Tuesday, July 31, 2007

Summer Email, Student Edition

Yep, one of those emails. Summer emails from students are rarely good. The best one can hope for is a request for a letter of recommendation. Those I don't mind much.

Legally, I'm not on contract until well into August, and don't have to respond to anything from students until then. But in real life, if I'm able, I'll respond, even if to say that I'm out of town when I am. And I'll try to take care of basic stuff (letters of recommendation and such). Students, of course, don't realize that we're not under contract, and not paid, for the summer months. We have plenty of work to do, but no pay. And the June paycheck is short because the school takes out our contributions to health and other insurance for the whole summer. (And I'm grateful to have insurance coverage for the summer; trust me on that.) So there's no requirement or incentive to do extra stuff that takes away from research and pleasure.

Today's email was from a student who took an incomplete in a class several years ago. Last fall, she met with me to talk about the work she needs to do to complete the class, and left promising to do it over the winter break. She's a high school teacher, and I know how difficult it is to get things done. Really, I do! I wasn't holding my breath.

And now she emailed me for an appointment to talk about the same incomplete, promising this time to finish the work in August.

I'm guessing she doesn't even have notes from our last meeting, which means I have to dig out everything from the syllabus and reconstitute it. And I'm guessing she hasn't done any work on it, either, so is starting from ground zero.

Ground zero, as I recall, wasn't the best starting place. For a theory oriented class, she wanted to do a paper on how theory isn't useful or something. Theory bad, something else (I'm not saying what) good. I remember being less than enthusiastic about the topic. I'm less enthusiastic about rehashing it again, now.

I have no desire to guilt her, but I do have an evil desire to prod her about what she's done on the project since we last talked and such. It's not that I want to make her feel bad, but I do want to stop the circling back around.
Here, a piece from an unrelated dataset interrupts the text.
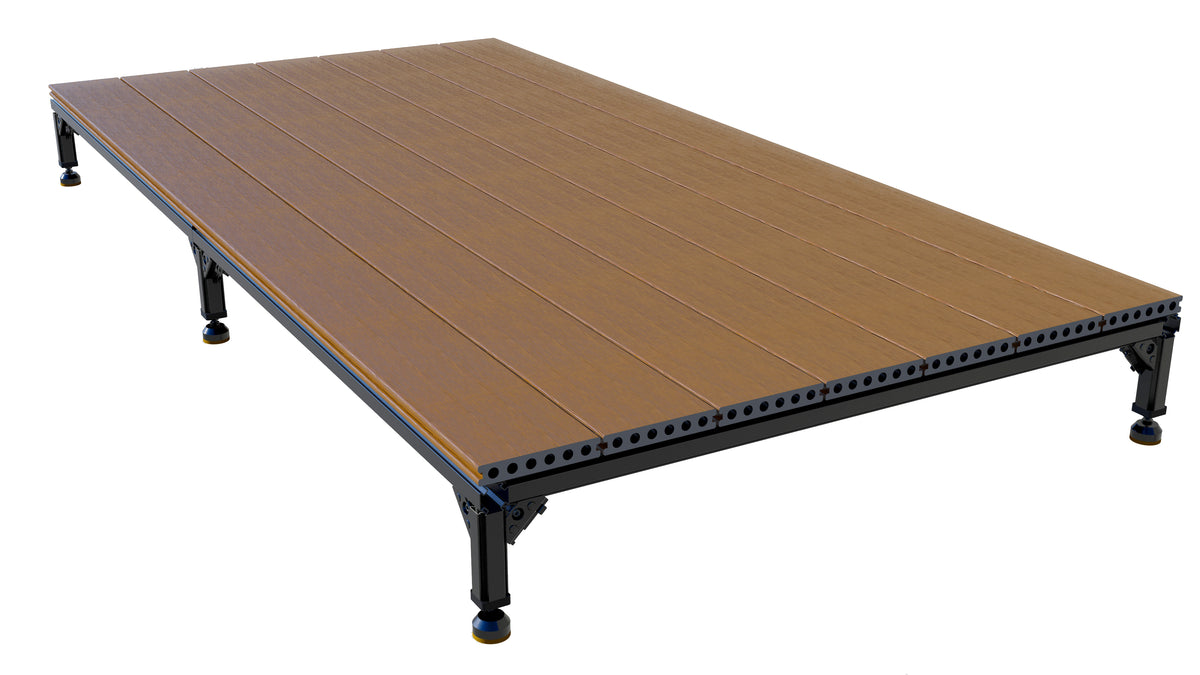 Modular Composite Deck Platform 2 Meter - Teak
If I could give grad students a bit of advice, it would be to avoid letting incompletes go cold. Everyone in my program took incompletes now and then. Most folks seemed to finish them up in the week or two between terms; those worked out well, and often enough the person was actually able to make the paper worth the wait. Some people ended putting them off. And then put another off. And then they were faced with finishing up two or three incompletes before they could take their exam, or before they could qualify for an extra year of teaching or apply for a fellowship convincingly. Those seemed utterly painful, and the papers were never worth the wait.


  1. Anonymous12:18 PM

    that's good advice

  2. This is why my school has instituted a 1-year time-limit, with a conditional grade pre-assigned if a new grade is not assigned by the end of that year.

    I, too, have taken a few Incompletes in my graduate career. My last one was for a class that I think I was doing mostly well in...until the final paper was due. My first topic was turned down (for no reason), so I chose a topic I was less-than-enthusiastic about. I was just starting the writing of the paper when one of the professors I worked for as a TA suddenly told me I had to have the 60 papers graded by the due date of this term paper. Since I only had 3 days to grade those papers [instead of 2 weeks], I asked for an extension on the paper due date and Incomplete in my own course.

    In the end, I got writer's block on the paper, and as time passed I no longer saw its relevance to the course. I turned in a piece of crap by the 1-year time limit, and was graced with a B for the course. I took it and ran.

    I think your thought of prodding her to see what has been done so far might be for the best. If she's done nothing, recommend she choose something simple, current, and that she can do quickly. Give her a time limit this time [if your U and department allows you to put that pressure on her], and just grade whatever she gives.

    Now that I teach, I am becoming so aware of the issue of fairness [since I always get accused of NOT being fair when I apply the same policies to everyone equally without favoritism]. How is it fair that this student get YEARS to do a paper when everyone else did it in a semester?

    As I have always told my friend Rebecca, sometimes you just have to shoot for a B!

  3. We don't let incompletes go beyond one semester without a really, really compelling reason (usually major health crisis). Students are advised to take a withdrawal, if appropriate, and to retake the course during the next offering or choose something else with the help of their academic advisor.

    When you mentioned this student was a teacher, I wasn't surprised. We have the greatest problem with completions by students who leave the program to take up teaching. That's such a demanding profession where the bulk of the work time precisely matches up with university term craziness that it's nearly impossible for any newly minted teacher to stay on top of matters.

    I advise students to simply withdraw from the program if they're going to start teaching because I think we've had one student in the past sixteen years actually start teaching full-time and go on to finish their M.A.